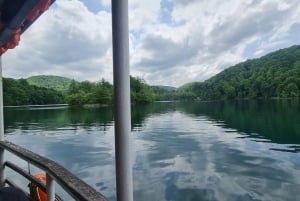Vanuit Zadar: Plitvice Meren Tour met toegangsbewijs en boot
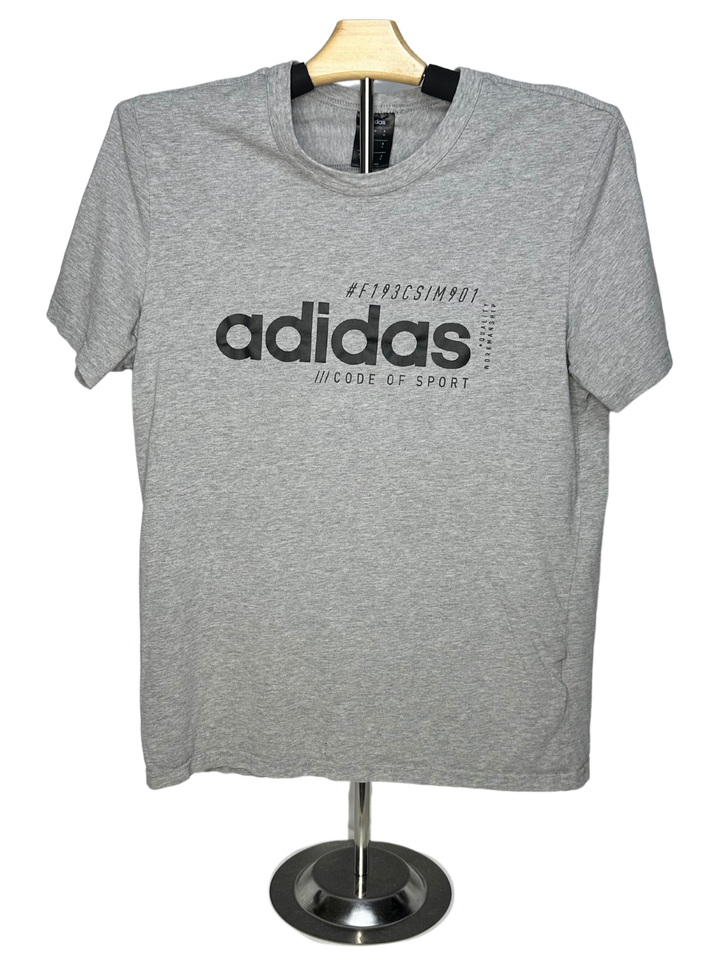 Adidas T-shirt (medium)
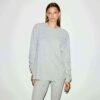 Gruby, gofrowany, oversize’owy sweter z okrągłym dekoltem Gruby, gofrowany, oversize’owy sweter z okrągłym dekoltem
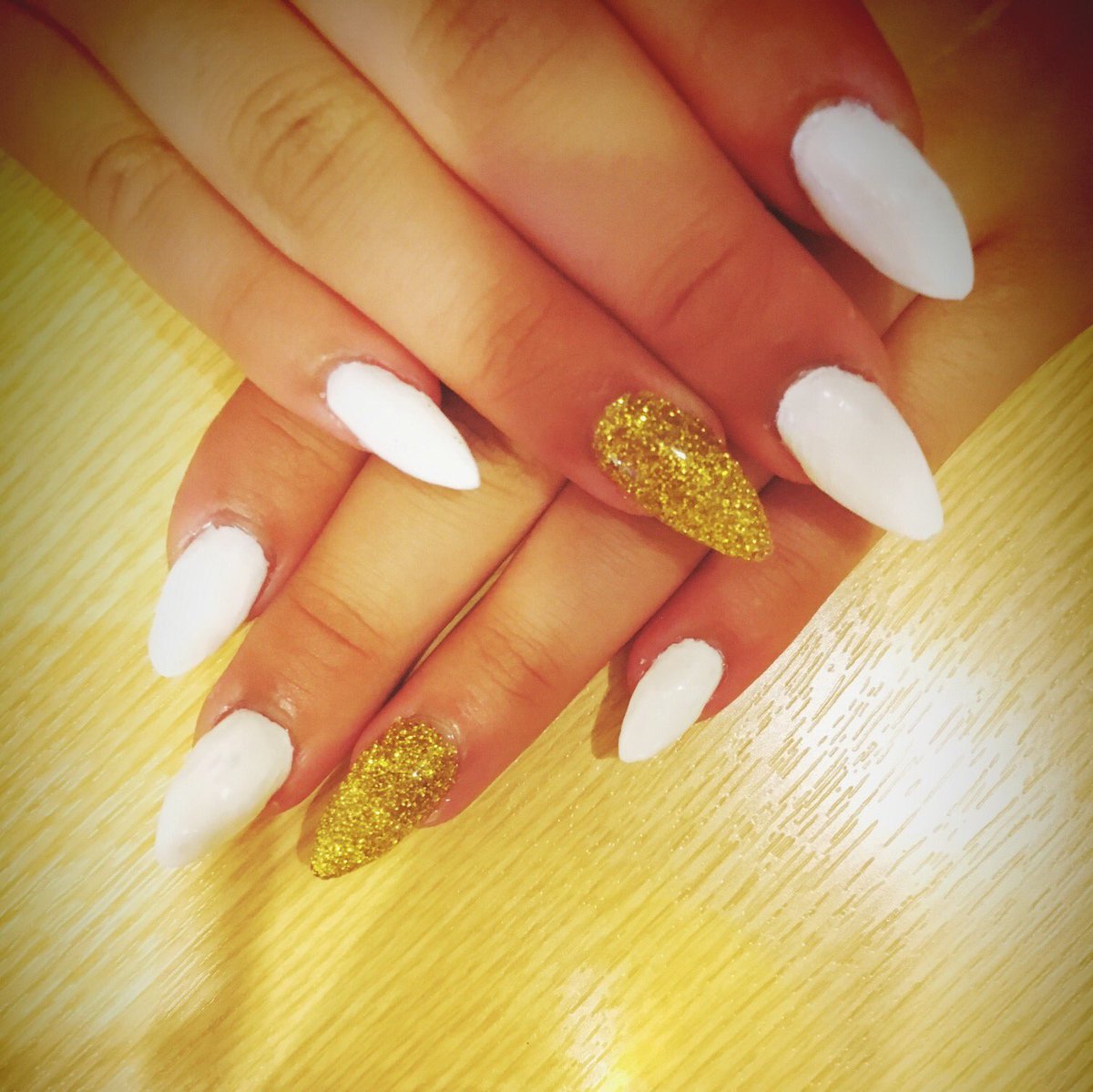 chisa_NAIL's tweet photo. 1、2枚目のやり始めに比べたら
3、4枚目まぁ慣れたなって感じ🤔
最近バイトやら引っ越しやら
忙しくて全くできてない😂💦
頑張らないと(•̀௦•́)و✨ https://t.co/YrBYocaGiQ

Exercise. Here the lines from the one containing "chisa_NAIL's tweet photo. 1、2枚目のやり始めに比べたら" through the end of the material are to be copied exactly, with the pictures omitted.

Completed exercise.
 chisa_NAIL's tweet photo. 1、2枚目のやり始めに比べたら
3、4枚目まぁ慣れたなって感じ🤔
最近バイトやら引っ越しやら
忙しくて全くできてない😂💦
頑張らないと(•̀௦•́)و✨ https://t.co/YrBYocaGiQ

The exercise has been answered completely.